The following are the good, bad, and ugly provisions for children that are either included or left out of this fifth CR.
- Families First: The CR includes language that strengthens families by providing upfront evidence-based prevention services to children at risk of coming into foster care, including mental health, substance abuse, and in-home parenting programs to keep families together and prevent foster care placements. The language also ensures more foster children are placed with families, ending federal reimbursement when states inappropriately place children in non-family settings.
- Child Welfare Program Extensions: The CR reauthorizes (at current levels) an additional four years for the Promoting Safe and Stable Families and Child Welfare Services programs (including the Court Improvement Program), the Adoption and Legal Guardianship Incentive Payments, and the Regional Partnership Grant program.
- Community Health Centers (CHCs): After expiring 129 days ago, CHC funding is extended for two years in this CR to end the CHC current and immediate financial crisis. However, another expiration of funding would come again in less than 20 months from now. Although two years is an important step, five years of funding is necessary to allow CHCs to preserve their staff, clinics, and health services and establish long-term stability for their work in serving low-income children and families.
- Family to Family (F2F) Information Centers: The CR provides a two-year extension of funding to F2F Centers that serve as a central source for families of children and young adults with disabilities and special health care needs to obtain support, advocacy, and information about health care. The extension also provides for the establishment of F2F Centers in the territories and the tribal communities, although five years of funding would provide much greater stability for these programs.
- Children’s Health Insurance Program (CHIP): Although the last CR provided for a six-year extension of CHIP, the Congressional Budget Office (CBO) has found that a 10-year extension would save the federal government an additional $5-6 billion. This CR fails to take advantage of this unique opportunity to stabilize and protect CHIP for the long term, eliminate the unnecessary CHIP funding shortfall that was included in the last CR beginning in FY 2024, and billions of dollars in savings that could be used to extend funding for all the other programs with short-term extensions mentioned in this release.
- The Debt Ceiling: The CR fails to address the looming deadline for a vote to increase the debt limit—which will determine if the U.S. government can pay its bills. Gambling with the debt limit reduces business confidence, stresses financial markets, and delays critical payments for programs on which many Americans depend – including food assistance to children, Social Security, Medicare benefits and payments to the military and our veterans. Crisis management of the debt limit is dangerous and irresponsible. Congress should increase the debt ceiling as part of the 5th Continuing Resolution for FY’18 and improve the process in a thoughtful manner eliminating the need to guess when “extraordinary measures” to pay our bills may be exhausted and the government would default on our nation’s debt.

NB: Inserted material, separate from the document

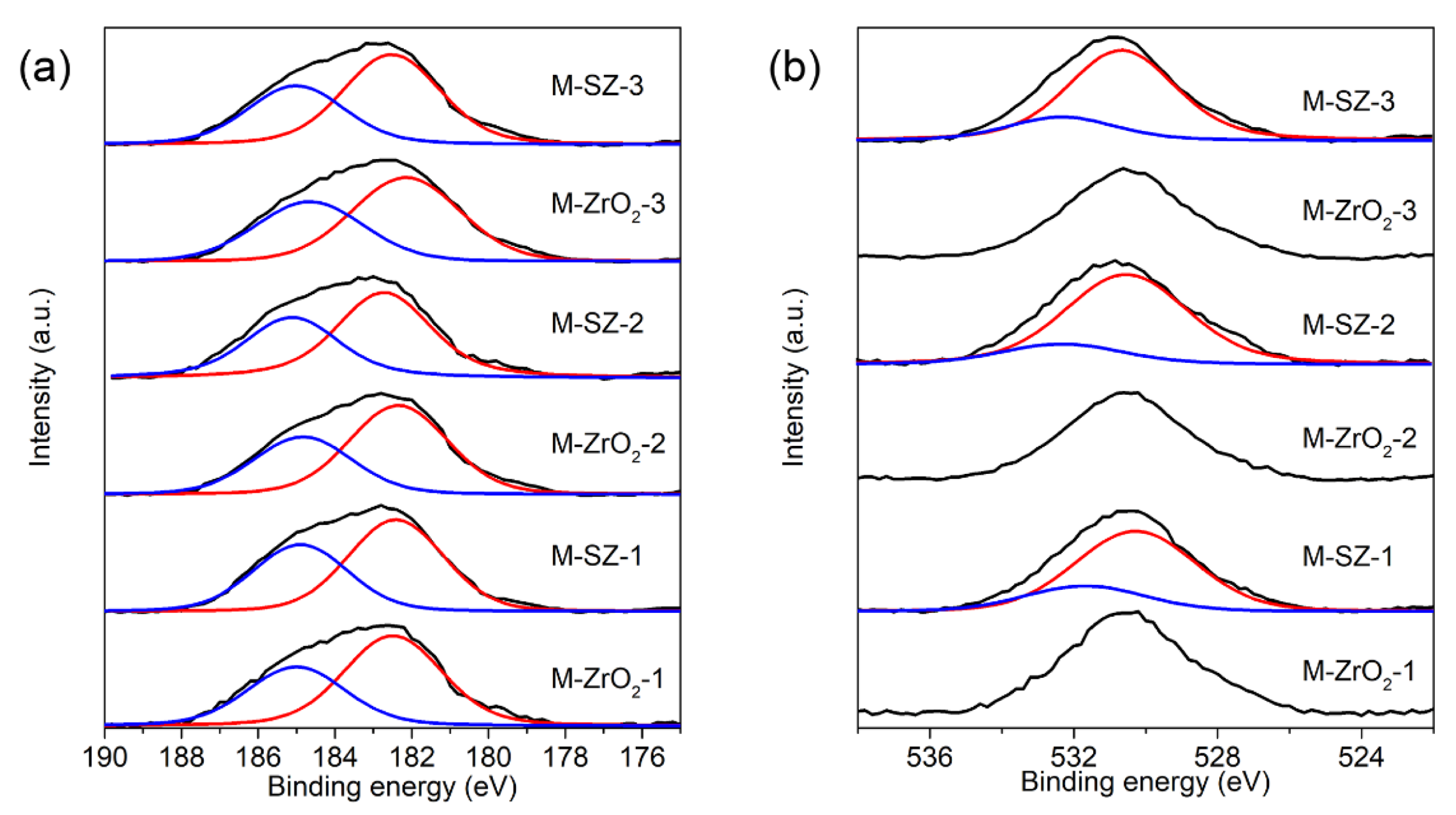 Processes 10 02693 g002 Processes 10 02693 g002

- Funding for Non-Defense Discretionary (NDD) Children’s Programs: The CR harms children by offering sequestration relief for defense spending for the current fiscal year (FY 2018), without doing the same for NDD spending. NDD spending funds a majority of the programs serving children and families, and as a result of unsustainable budget caps, NDD spending on children has seen a real percent cut of 0.78 percent since 2014. Meanwhile, the share of the federal budget going to children is at an all-time low of 7.75 percent. Without sequestration relief for domestic spending, the federal government cannot prioritize the programs that educate, strengthen, and protect children—which are just as imperative for ensuring the future security of our nation as investments in defense spending.
- Maternal, Infant and Early Childhood Home Visiting (MIECHV) Program: The CR does not include funding for the Maternal, Infant and Early Childhood Home Visiting (MIECHV) program, which expired more than four months ago. MIECHV supports effective home visiting services that help children and families improve their health, educational attainment and ability to work to support themselves. Congress needs to renew this important program for five years at no less than its current funding of $400 million annually. In fact, an extension of CHIP for 10 years would more than pay for a simultaneous long-term extension of MIECHV – a win-win for low-income children and families.

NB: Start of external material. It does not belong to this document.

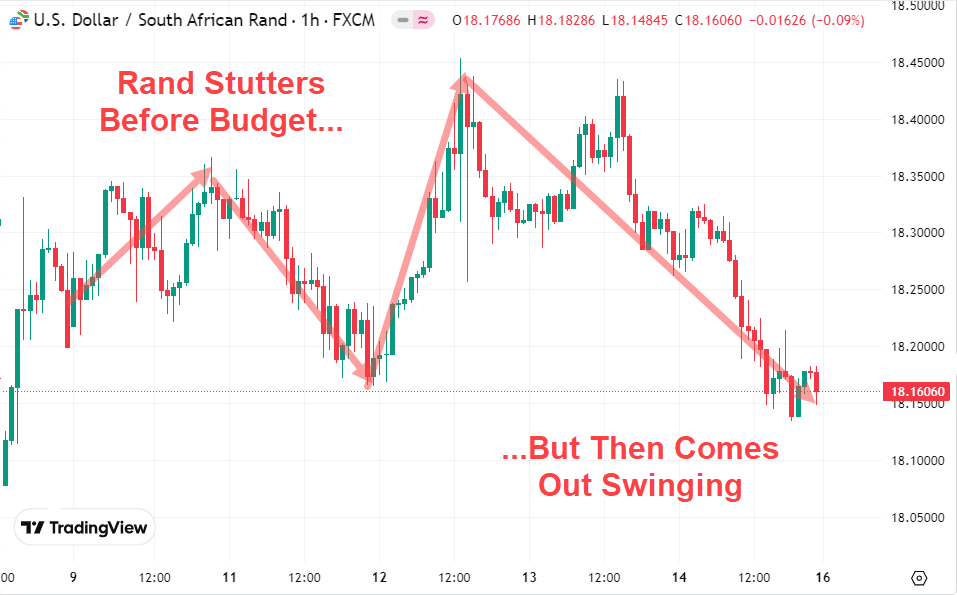 Graph: Rand Stutters Before Budget... But Then Comes Out Swinging, March 16, 2025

- Disaster Relief: This CR omits much-needed disaster relief for emergency supplemental funding to enable Texas, Florida, Puerto Rico, and California to continue their recovery from Hurricanes Harvey, Irma, Maria and the California wildfires. Congress has yet to deliver on funding that it promised nearly two months ago, and as a result, families and children in these regions continue to lack desperately needed resources.

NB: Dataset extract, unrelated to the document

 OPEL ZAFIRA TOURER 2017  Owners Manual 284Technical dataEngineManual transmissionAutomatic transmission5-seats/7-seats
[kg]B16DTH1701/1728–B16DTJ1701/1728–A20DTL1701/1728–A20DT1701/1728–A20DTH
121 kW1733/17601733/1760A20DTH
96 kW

- Medicaid Shortfalls in Puerto Rico and the Virgin Islands: This CR fails to address an enormous crisis whereby Puerto Rico and the Virgin Islands are rapidly running out of Medicaid funding to provide health coverage to hundreds of thousands of American citizens. Due to the fact that Medicaid provides an inadequate level of block grant funding to the territories, limiting their access to Medicaid funding, Puerto Rico and the Virgin Islands face a crisis demanding immediate action from Congress for these citizens.
- DREAM/Deferred Action for Childhood Arrivals (DACA): The CR continues to woefully ignore a much-needed DACA fix for over 800,000 immigrants. Congress has had more than four months to come up with a solution to a problem created by President Trump’s decision to repeal DACA protections for nearly 1 million young people who know only the United States as their home. The President has indicated that he will not change the current March 5 expiration date for DACA recipients. These recipients and their families, including 200,000 U.S. citizen children, are facing a great deal of uncertainty and fear, heightened by each passing day that a deal is not made. Congress must address DACA as soon as possible to end the needless trauma that has been inflicted on these hardworking immigrants and their families.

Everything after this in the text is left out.